Material provided:
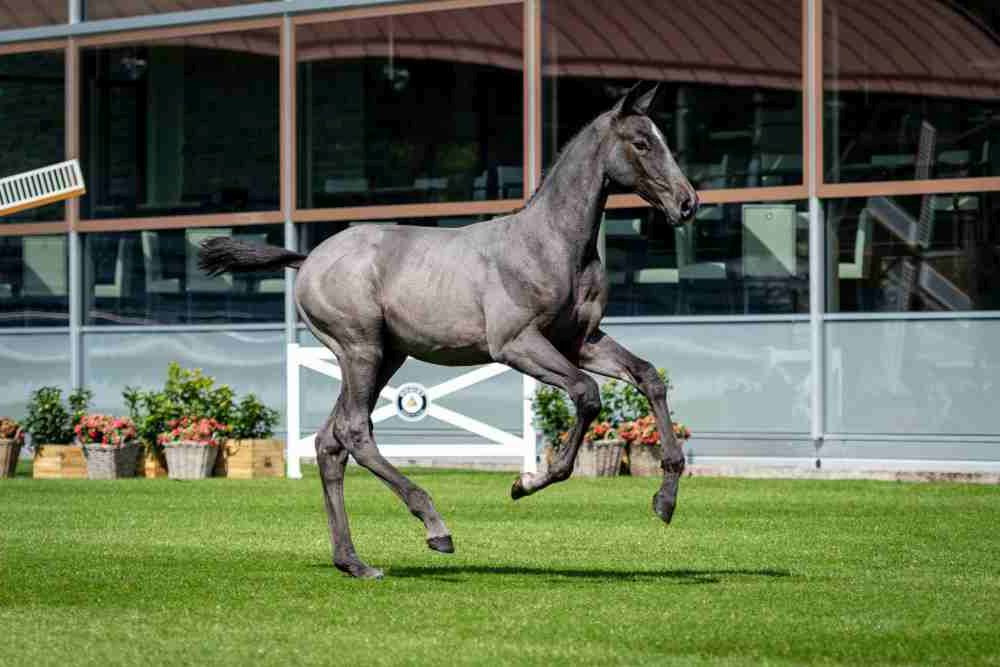 Colorado J, colt by Cardento — Stallion · 5y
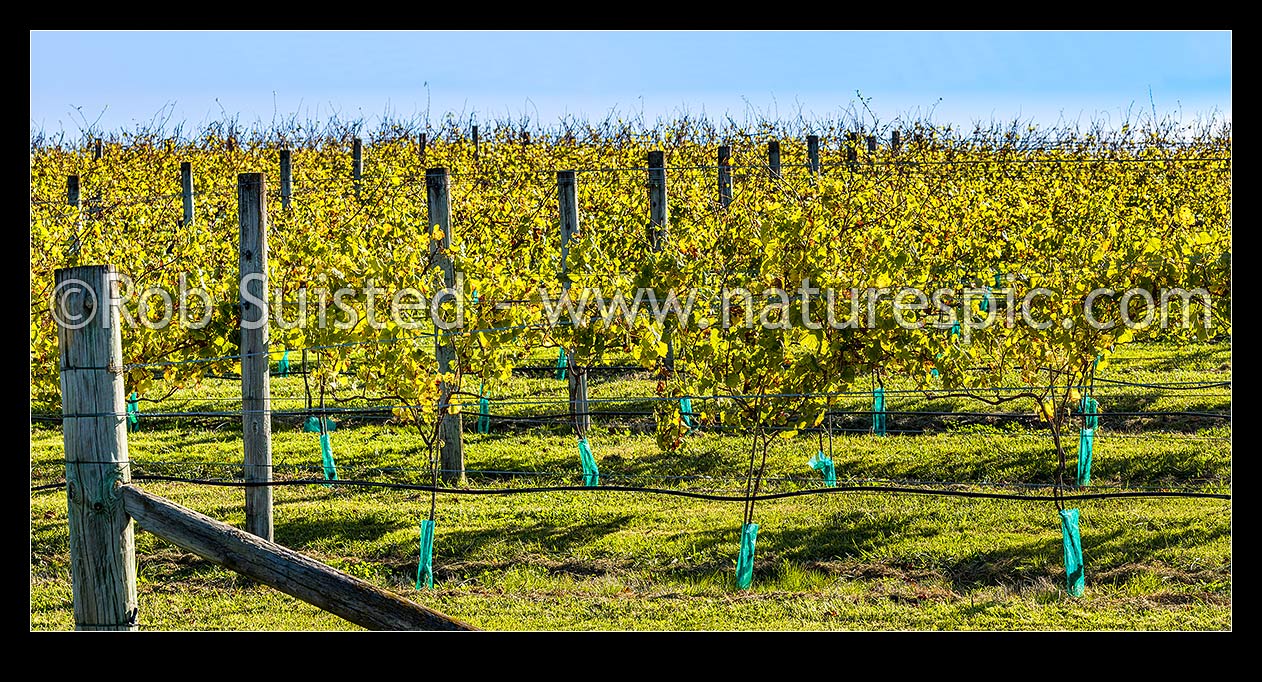 Image of Young grapevines in vineyard, back lit by early autumn sunlight. Panorama, Havelock North, Hastings District, Hawke's Bay Region, New Zealand (NZ) stock photo image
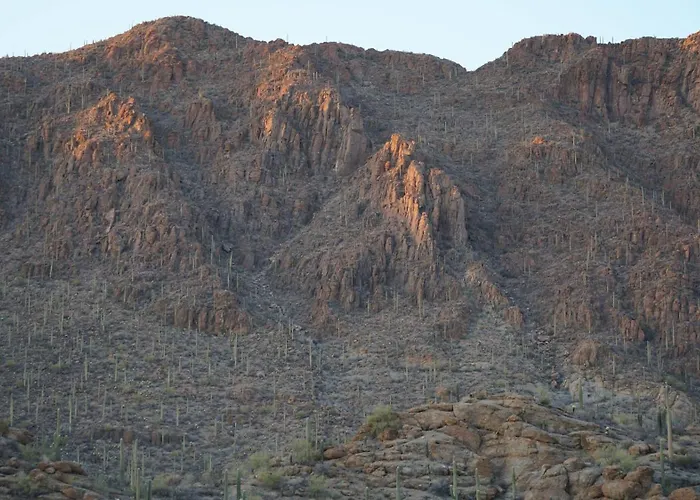 Saguaroglamp *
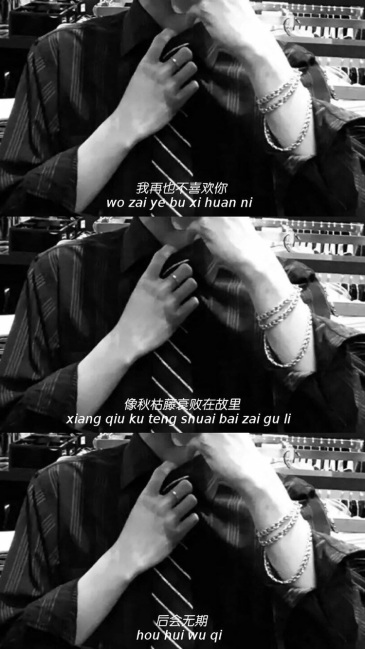 求这种三段带鸡汤文的壁纸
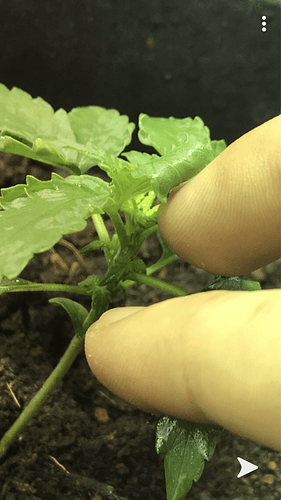 Growreport Bild 2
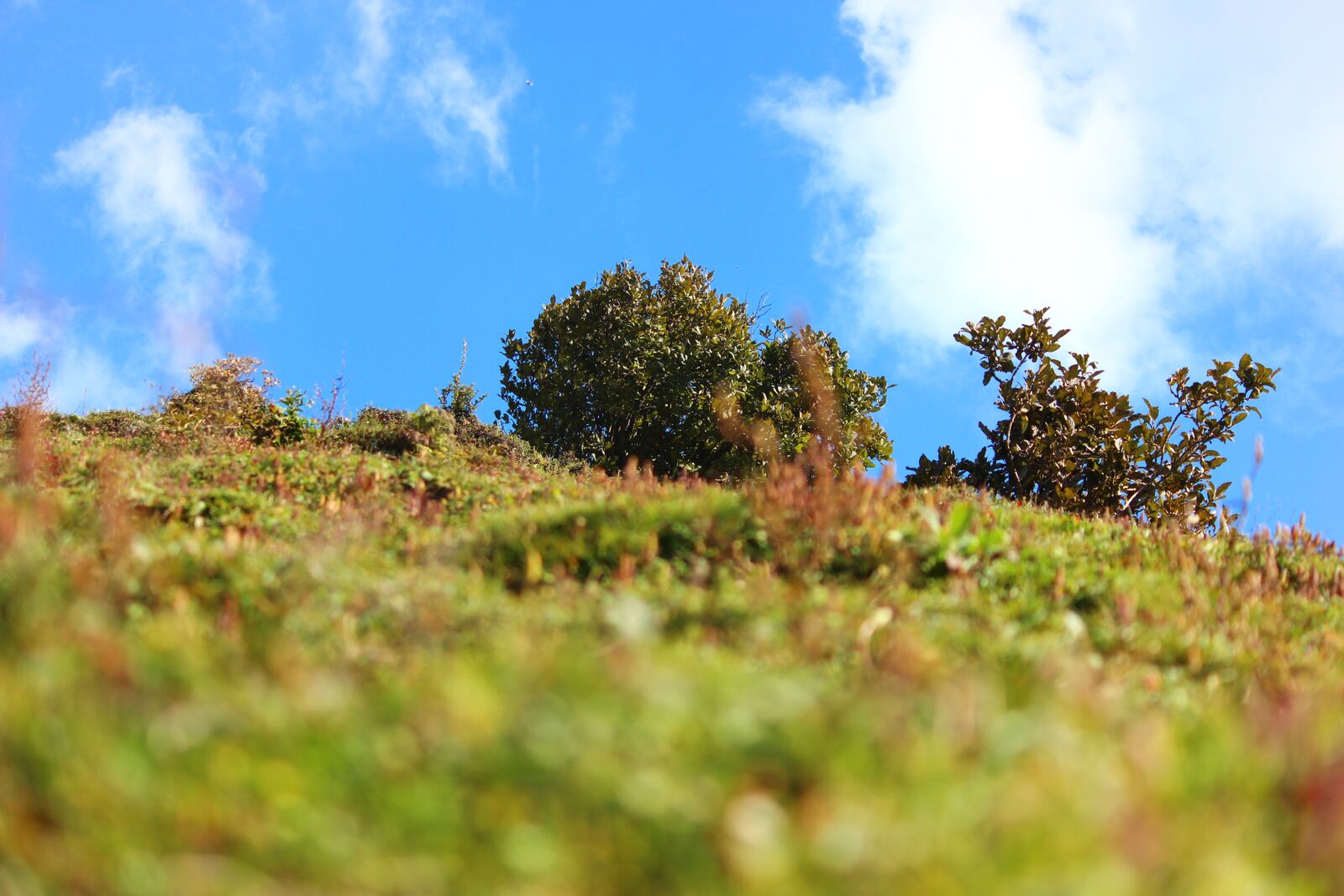 Canon EOS 600D (Rebel EOS T3i / EOS Kiss X5) sample photo. Hatu, peak, temple photography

Task instructions: Set down the records above exactly as written, beginning with the first line and ending with the line that contains "求这种三段带鸡汤文的壁纸", and do not include pictures.

Reply:
 Colorado J, colt by Cardento — Stallion · 5y
 Image of Young grapevines in vineyard, back lit by early autumn sunlight. Panorama, Havelock North, Hastings District, Hawke's Bay Region, New Zealand (NZ) stock photo image
 Saguaroglamp *
 求这种三段带鸡汤文的壁纸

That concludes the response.